NER Evaluation set format


I want to make an evaluation set out of my gold annotations that I’d created with ner.make-gold. I want to use this evaluation set as a general set for the evaluation and comparison of different model outputs, not only those created by prodigy, but also by other learning algorithms.
Which format should this evaluation set have? Is there a standard for evaluation sets in NER?

Can you give me any hints what an evaluation set should look like? Where I can find more information about this?

Thanks in advance!


There’s not really a single standard data format people are using. Many tools use a format like this:

Apple|U-ORG is|O a|O company|O

There are many small variations on this format, e.g. some tools expect another column with the POS tag. Another common format has one token per line, and the attributes in columns.

I would recommend against storing the data in these formats which interleave the tokens and attributes like this. The reason is, this format removes information from the text, by assuming a tokenization. If you later want to change the tokenization, you’ll have trouble doing that.

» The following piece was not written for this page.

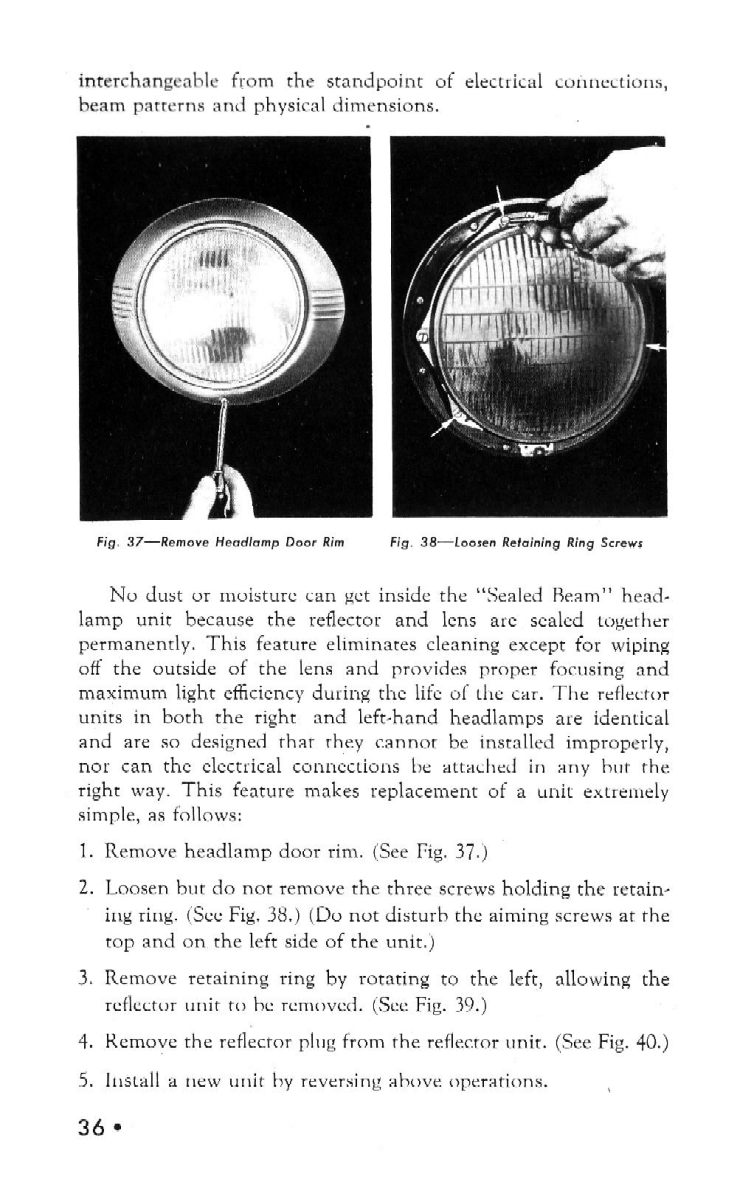 1942 Chevrolet Owners Manual-36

I would recommend keeping the data in a format similar to Prodigy’s. The main characteristics of the format I’d recommend are:

  • jsonl: Newline delimited json is easy to read, and reasonably computationally efficient. Making one json object out of the whole data is much slower and more memory intensive.

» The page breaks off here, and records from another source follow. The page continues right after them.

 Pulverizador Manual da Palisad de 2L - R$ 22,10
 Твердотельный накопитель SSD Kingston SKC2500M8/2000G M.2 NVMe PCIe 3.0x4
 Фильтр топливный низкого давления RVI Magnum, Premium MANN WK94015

  • Preserve the input: Have a record in the json object for the original data, so you know you’ve always got the original input available. Arguably, it’s better to keep the input in a separate database or separate structure, but it’s not always necessary to do that.

  • Spans as stand-off annotations: To reference an entity, you should take the start and end character offset, or perhaps a start offset and a length, as well as the label.

The task of converting into the various formats other tools use is then an arbitrary detail of the experiment script that you use with that tool.